Yes, this gets very sketchy, very fast. The comparatively thin end of that wedge is the agent provocateur, the person assigned to lure the target into committing a serious enough crime to nail them for. (Actual level of seriousness can vary: in some places and times, just saying “I hope the king dies” is enough, while in others you’d have to actively plot his assassination.) The thick end involves manufacturing and planting evidence of crimes the target didn’t commit. A spymaster might defend these actions by saying a loyal subject could not be lured into sedition or treason, and the person who gets framed is already an enemy of the crown; the frame simply accelerates the process of neutralizing that threat. But from an outside perspective . . . yeah, this work gets profoundly dubious, on both a legal and moral level.
Especially when it expands beyond the sphere of government agents. To me, the most terrifying scenario isn’t the spymaster whose agents could be anywhere; it’s the spymaster who encourages ordinary citizens to inform on one another. Knowing that your own neighbor could report you for untoward activity — or invent untoward activity, if they simply don’t like you — can mean living in a state of constant paranoia. You may wind up policing your own behavior to an obsessive degree, fearing that the smallest move will become your downfall.
Few governments go that far, but quite a few have crossed spies with police to create a “secret police,” a force authorized to maintain internal control by covert means. That term as we use it now is mostly a modern phenomenon, which makes sense; as we discussed before, police in general tilt modern. They tend to require a well-organized bureaucracy, which lots of pre-modern states can’t manage. But there are exceptions: China’s Embroidered Uniform Guard operated for more than two hundred and sixty years, from the late 1300s to the mid-1600s. In other places and times, such agents not be organized into a police-like body, but they could still quietly “vanish” anyone who’s drawn the wrong kind of attention.

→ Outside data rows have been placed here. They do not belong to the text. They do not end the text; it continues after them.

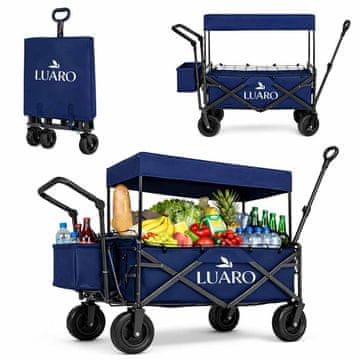 Luniks Sklopiva kolica za plažu s nadstrešnicom i mrežom - tamnoplava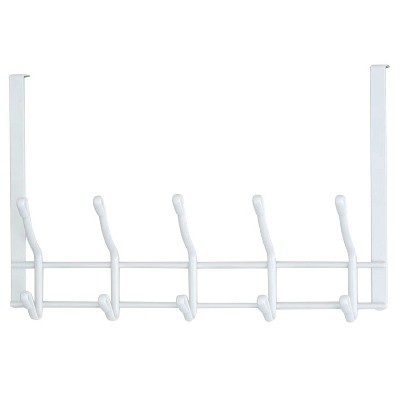 White Metal 2-Tier Over-Door Hook Rack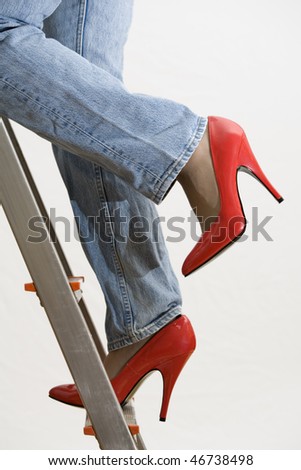 Woman on job ladder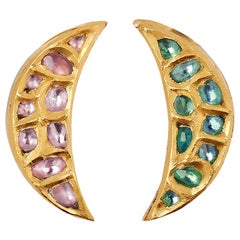 Ouroboros 18 and 24 Karat Gold, Emerald and Pink Sapphire Moon Stud Earrings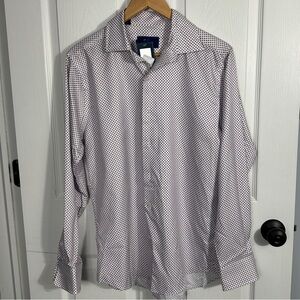 NEW with tags, David Donohue Fusion white/berry button down shirt, medium/15.5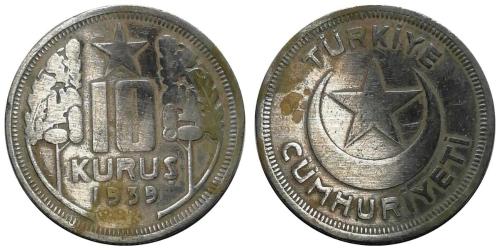 1939 Yılı 10 Kuruş ÇÇT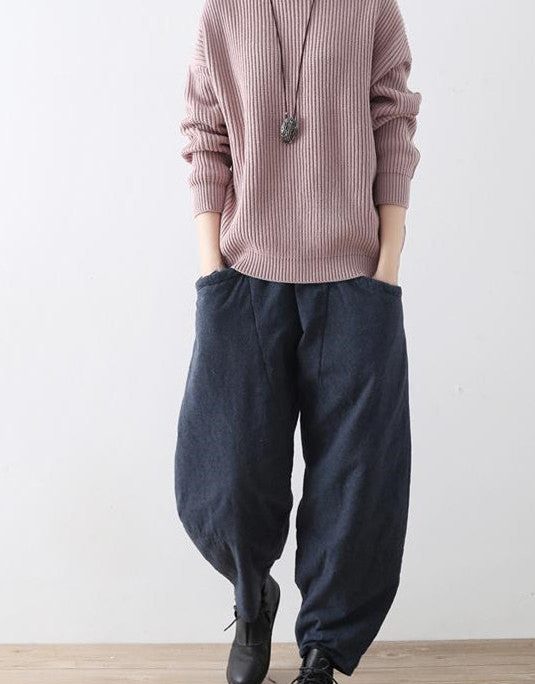 2025 winter dark blue cotton pants warm thick oversized linen pants casual cozy style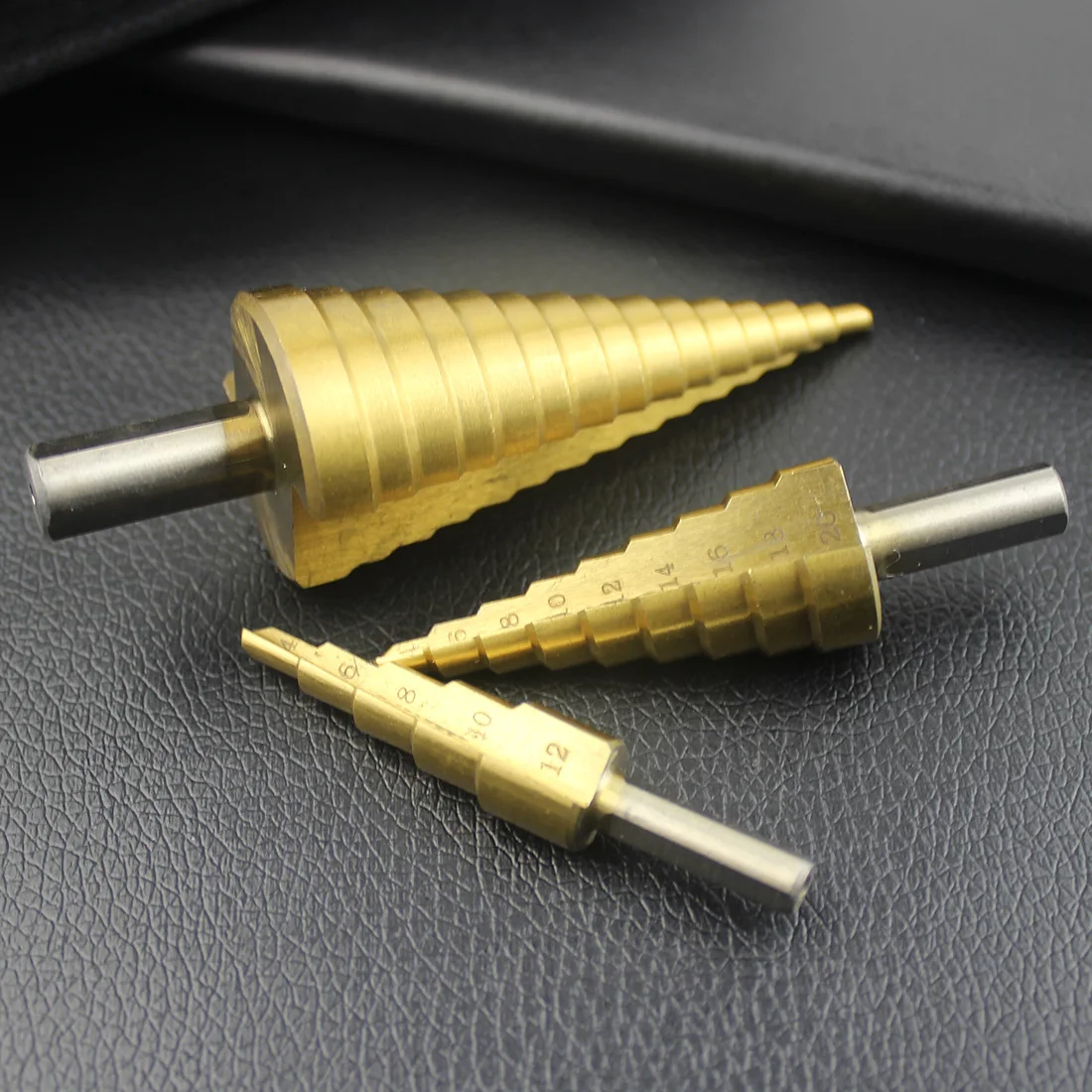 3pcs/set HSS Steel Titanium Step Drill Bits Step Cone Cutting Tools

The other thing to say about these matters is that they tilt largely urban. Certainly there have been countless peasant revolts in history, but few of them were intensively planned in advance. Many began when some offense happened, someone reacted violently, someone answered the violence with more violence, and soon everyone was taking up arms. The exceptions might well catch the government off guard, because it’s hard to monitor activity in the countryside; travel is slow, people are dispersed, and they’ll notice the presence of strangers far more readily. (Though remember what I said before about merchants operating as spies?) But by that same token, it’s hard for rural people to organize in large numbers and gather the resources necessary to become a significant problem, at least without attracting attention. Many of the biggest threats will originate in urban areas, and so that is where most of the work against them will be concentrated.
To me, internal security falls under the header of “distasteful necessity.” It’s utopian to imagine a government that doesn’t have to worry about any of its citizens plotting political malfeasance; there will always be someone who’s dissatisfied or has their own agenda to push. And a government that decides to prioritize privacy too highly over security won’t last long. But as with anything espionage-related, it’s basically impossible to conduct this work and come out clean — and once you have the capacity to watch for threats, there’s a constant temptation to identify more things as threats, to act sooner and stronger against the ones you see, to claim your ends justify your means.